Panel speakers Bob Clark (Rockefeller Archive Center), Kerri Anne Burke (Citigroup), Celia Hartmann (Metropolitan Museum of Art), and Nicole Milano (Archives of the American Field Service and AFS Intercultural Programs) discussed the importance of communicating effectively about our work as archivists. Surprisingly, the speakers stressed that successful communication has little to do with personality traits (i.e. your Myers-Briggs Type Indicator result) and more to do with thoughtful, learned, and practiced communication. Before attending the panel, I felt that a person’s disposition can positively or negatively impact advocating for themselves and their archives. However, as the panel emphasized, speaking to a large audience or having a one-on-one meeting and advocating for archives is learned and takes strategizing beyond pitching your ‘elevator speech’. Effective communication is not something we are automatically gifted with! Here are the panel’s key takeaways to become a better communicator in our profession and in turn, become better advocates for ourselves and archives.
What’s in it for them? Know your audience.

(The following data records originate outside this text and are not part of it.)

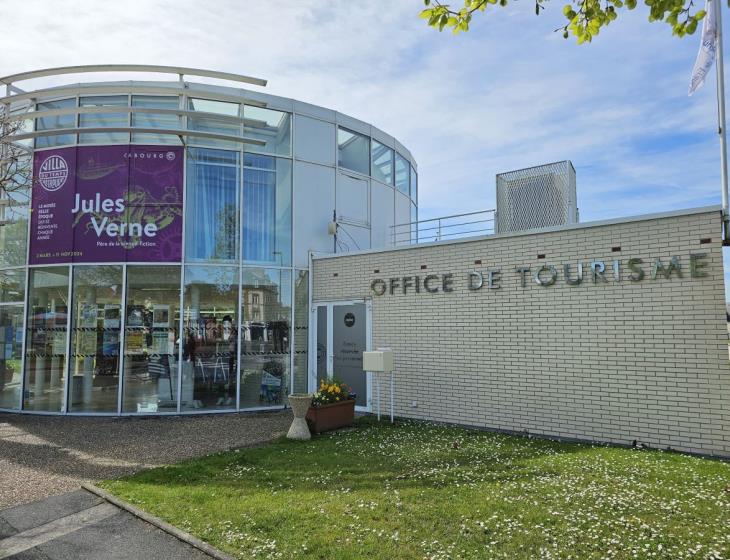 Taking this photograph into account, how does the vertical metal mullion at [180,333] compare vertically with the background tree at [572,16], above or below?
below

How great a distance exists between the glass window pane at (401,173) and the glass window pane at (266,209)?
401 centimetres

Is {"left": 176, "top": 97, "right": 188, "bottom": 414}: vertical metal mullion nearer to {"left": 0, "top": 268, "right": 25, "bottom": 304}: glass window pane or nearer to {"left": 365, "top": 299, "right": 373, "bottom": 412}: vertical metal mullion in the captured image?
{"left": 0, "top": 268, "right": 25, "bottom": 304}: glass window pane

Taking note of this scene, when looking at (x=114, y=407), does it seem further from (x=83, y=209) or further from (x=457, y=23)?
(x=457, y=23)

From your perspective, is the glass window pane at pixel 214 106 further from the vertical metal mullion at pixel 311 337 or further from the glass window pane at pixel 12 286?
the glass window pane at pixel 12 286

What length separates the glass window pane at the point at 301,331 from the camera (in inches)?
468

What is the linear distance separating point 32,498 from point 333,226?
27.0ft

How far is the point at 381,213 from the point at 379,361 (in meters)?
5.67

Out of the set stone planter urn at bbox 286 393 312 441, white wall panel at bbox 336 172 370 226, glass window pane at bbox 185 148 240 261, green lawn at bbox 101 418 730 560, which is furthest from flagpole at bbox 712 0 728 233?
glass window pane at bbox 185 148 240 261

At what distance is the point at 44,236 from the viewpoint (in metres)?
11.3

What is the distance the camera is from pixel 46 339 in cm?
1112

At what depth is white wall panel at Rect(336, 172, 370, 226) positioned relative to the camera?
42.7 ft

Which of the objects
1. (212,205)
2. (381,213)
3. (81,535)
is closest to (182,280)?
(212,205)

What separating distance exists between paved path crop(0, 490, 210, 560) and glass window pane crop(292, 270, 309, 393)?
6.27 meters

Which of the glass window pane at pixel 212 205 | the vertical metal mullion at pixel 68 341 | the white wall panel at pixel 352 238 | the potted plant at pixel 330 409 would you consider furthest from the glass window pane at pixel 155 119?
the potted plant at pixel 330 409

An archivist speaking with a potential donor is a different conversation from an archivist speaking to a large audience at a MARAC Session, which is different than speaking with a supervisor about securing more project funding. Understanding the audience’s knowledge of archives and archival terms (not by assuming what they know, but by asking them what they know or what they want to accomplish) will help better guide the conversation. By using less archival jargon for those less familiar with archives to speaking frankly with a full room of archivists at a conference, it shifts a conversation’s tone and context.
To ‘break the ice’ in conversation, it’s helpful to be friendly, informative, and to show your authentic self. It not only eases tensions between the audience and archivist, but it eases the speaker’s nerves. When I speak to a large group, I tend to have the physical signs of nervousness like my face turning bright red. Using relaxed breathing, coming to the presentation with confidence in my archival knowledge and ability, and connecting by using my personal communication style, should help my nerves, and allow the audience to open up and respond to the information to create more of a dialogue, and less of a lecture.

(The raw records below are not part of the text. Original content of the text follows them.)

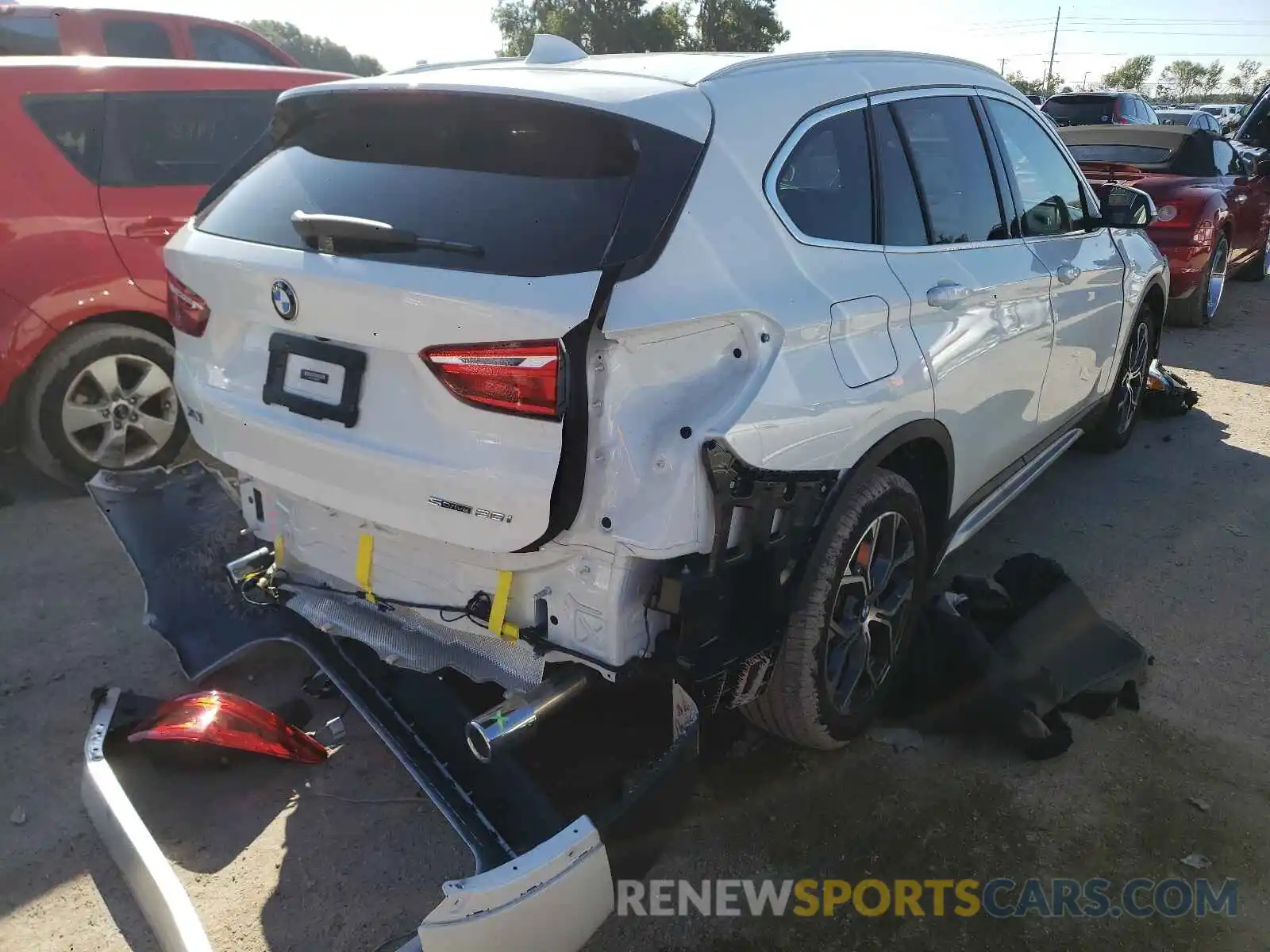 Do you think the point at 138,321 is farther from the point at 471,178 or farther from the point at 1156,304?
the point at 1156,304

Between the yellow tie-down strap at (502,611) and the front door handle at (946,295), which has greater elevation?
the front door handle at (946,295)

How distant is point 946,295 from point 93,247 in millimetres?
3928

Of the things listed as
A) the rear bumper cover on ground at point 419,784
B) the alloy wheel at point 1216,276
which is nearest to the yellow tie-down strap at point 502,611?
the rear bumper cover on ground at point 419,784

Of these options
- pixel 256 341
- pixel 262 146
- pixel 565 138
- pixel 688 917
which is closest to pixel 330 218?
pixel 256 341

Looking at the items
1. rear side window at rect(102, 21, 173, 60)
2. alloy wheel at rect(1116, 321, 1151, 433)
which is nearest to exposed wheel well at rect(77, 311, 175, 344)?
rear side window at rect(102, 21, 173, 60)

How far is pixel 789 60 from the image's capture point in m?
2.62

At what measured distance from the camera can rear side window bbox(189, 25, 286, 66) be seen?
8.24m

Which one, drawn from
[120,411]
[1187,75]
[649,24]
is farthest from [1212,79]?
[120,411]

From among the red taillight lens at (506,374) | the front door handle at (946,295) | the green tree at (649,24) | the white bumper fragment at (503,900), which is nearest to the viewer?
the white bumper fragment at (503,900)

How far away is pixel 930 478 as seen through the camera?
313cm

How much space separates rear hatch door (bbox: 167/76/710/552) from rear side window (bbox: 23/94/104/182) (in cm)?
261

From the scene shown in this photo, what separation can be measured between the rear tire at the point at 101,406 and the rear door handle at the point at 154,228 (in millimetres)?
464

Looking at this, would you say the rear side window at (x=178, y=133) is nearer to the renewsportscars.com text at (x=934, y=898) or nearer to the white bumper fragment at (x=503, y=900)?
the white bumper fragment at (x=503, y=900)

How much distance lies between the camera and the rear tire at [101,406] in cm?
451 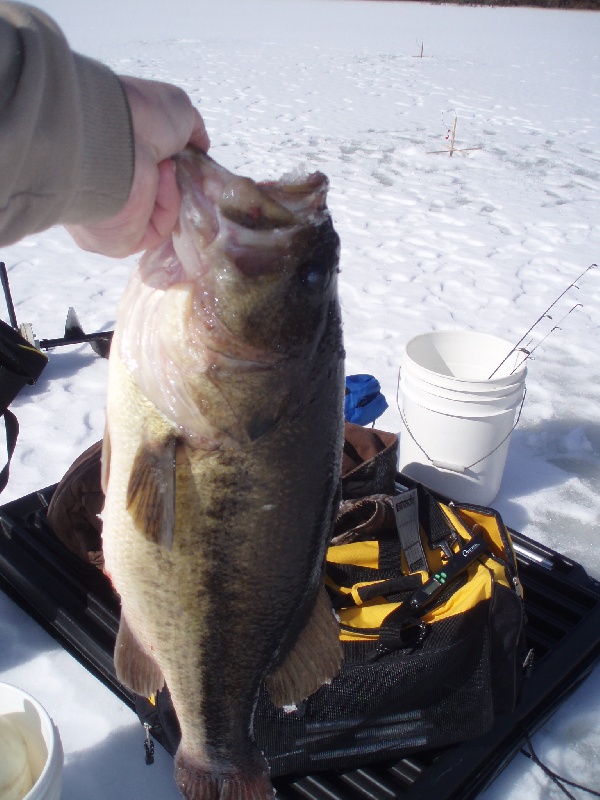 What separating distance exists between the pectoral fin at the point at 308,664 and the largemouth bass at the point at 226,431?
23 millimetres

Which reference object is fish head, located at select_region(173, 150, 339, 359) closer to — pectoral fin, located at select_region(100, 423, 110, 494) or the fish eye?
the fish eye

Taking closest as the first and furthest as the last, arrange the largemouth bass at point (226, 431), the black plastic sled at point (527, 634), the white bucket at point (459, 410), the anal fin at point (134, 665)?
the largemouth bass at point (226, 431) < the anal fin at point (134, 665) < the black plastic sled at point (527, 634) < the white bucket at point (459, 410)

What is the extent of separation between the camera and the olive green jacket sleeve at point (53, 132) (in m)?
1.11

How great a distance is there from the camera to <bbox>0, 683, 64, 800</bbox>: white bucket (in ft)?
5.80

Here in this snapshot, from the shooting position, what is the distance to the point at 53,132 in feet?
3.88

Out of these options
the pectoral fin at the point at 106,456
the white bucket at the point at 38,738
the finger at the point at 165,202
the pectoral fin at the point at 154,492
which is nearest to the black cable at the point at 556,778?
the white bucket at the point at 38,738

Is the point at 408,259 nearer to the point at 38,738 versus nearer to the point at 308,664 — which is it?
the point at 308,664

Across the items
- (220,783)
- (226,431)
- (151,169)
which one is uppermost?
(151,169)

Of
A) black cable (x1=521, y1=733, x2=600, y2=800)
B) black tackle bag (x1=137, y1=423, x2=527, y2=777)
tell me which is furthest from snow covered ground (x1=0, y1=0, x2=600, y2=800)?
black tackle bag (x1=137, y1=423, x2=527, y2=777)

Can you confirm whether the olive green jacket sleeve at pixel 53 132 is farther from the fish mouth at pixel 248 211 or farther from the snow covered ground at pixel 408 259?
the snow covered ground at pixel 408 259

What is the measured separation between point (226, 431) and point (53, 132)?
685mm

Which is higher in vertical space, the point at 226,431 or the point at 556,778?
the point at 226,431

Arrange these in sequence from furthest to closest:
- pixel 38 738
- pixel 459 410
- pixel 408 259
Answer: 1. pixel 408 259
2. pixel 459 410
3. pixel 38 738

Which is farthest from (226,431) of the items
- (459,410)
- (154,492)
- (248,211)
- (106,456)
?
(459,410) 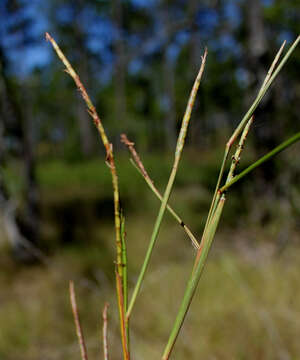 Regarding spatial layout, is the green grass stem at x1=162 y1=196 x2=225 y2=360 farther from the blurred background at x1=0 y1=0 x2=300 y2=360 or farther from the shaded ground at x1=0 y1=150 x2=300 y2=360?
the shaded ground at x1=0 y1=150 x2=300 y2=360

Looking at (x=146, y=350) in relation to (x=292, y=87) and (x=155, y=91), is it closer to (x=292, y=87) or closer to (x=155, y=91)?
(x=292, y=87)

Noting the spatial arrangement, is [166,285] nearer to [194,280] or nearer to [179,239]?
[179,239]

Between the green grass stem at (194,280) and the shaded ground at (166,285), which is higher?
the shaded ground at (166,285)

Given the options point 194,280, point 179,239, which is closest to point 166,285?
point 179,239

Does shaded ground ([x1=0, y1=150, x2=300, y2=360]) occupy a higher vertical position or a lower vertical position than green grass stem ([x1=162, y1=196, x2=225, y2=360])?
higher

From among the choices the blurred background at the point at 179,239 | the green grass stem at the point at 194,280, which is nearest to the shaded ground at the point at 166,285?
the blurred background at the point at 179,239

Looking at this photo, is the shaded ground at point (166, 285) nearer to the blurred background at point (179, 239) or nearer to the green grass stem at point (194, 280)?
the blurred background at point (179, 239)

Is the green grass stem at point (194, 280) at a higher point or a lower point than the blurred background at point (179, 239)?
lower

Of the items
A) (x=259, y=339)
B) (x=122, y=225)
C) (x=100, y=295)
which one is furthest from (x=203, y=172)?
(x=122, y=225)

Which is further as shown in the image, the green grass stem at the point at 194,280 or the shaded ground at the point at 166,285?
the shaded ground at the point at 166,285

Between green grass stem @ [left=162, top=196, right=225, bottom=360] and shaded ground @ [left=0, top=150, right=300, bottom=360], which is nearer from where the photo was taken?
green grass stem @ [left=162, top=196, right=225, bottom=360]

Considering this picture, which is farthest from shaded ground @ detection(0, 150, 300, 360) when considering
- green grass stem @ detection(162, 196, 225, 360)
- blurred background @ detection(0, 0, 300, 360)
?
green grass stem @ detection(162, 196, 225, 360) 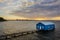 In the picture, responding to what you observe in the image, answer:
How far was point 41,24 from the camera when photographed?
8100cm

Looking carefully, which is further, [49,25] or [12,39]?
[49,25]

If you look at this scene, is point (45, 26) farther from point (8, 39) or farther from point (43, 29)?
point (8, 39)

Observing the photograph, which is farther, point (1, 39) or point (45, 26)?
point (45, 26)

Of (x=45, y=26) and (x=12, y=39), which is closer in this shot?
(x=12, y=39)

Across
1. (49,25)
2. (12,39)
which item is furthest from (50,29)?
(12,39)

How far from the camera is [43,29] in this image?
263 feet

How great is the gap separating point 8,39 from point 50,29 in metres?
39.9

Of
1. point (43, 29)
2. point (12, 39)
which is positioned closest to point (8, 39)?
point (12, 39)

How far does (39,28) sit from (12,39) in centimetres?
3566

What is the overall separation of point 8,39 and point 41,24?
3571 centimetres

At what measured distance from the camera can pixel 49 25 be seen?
81188 mm

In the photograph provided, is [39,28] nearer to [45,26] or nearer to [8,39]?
[45,26]

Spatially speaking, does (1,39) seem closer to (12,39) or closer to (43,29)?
(12,39)

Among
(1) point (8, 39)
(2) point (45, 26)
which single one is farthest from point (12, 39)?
(2) point (45, 26)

“Give the presentation you want to go to.”
Think about your most successful meetings. Why did you feel good about the outcome? Think about the presenters at conferences. What information did you take away and why was that particular presenter so informative or persuasive? Learning from your experiences and taking notes of what catches your attention is crucial and takes self-reflection and practice. By focusing on the needs of the audience and opening up to be your authentic self, any archivist can customize the conversation to be more informative and successful.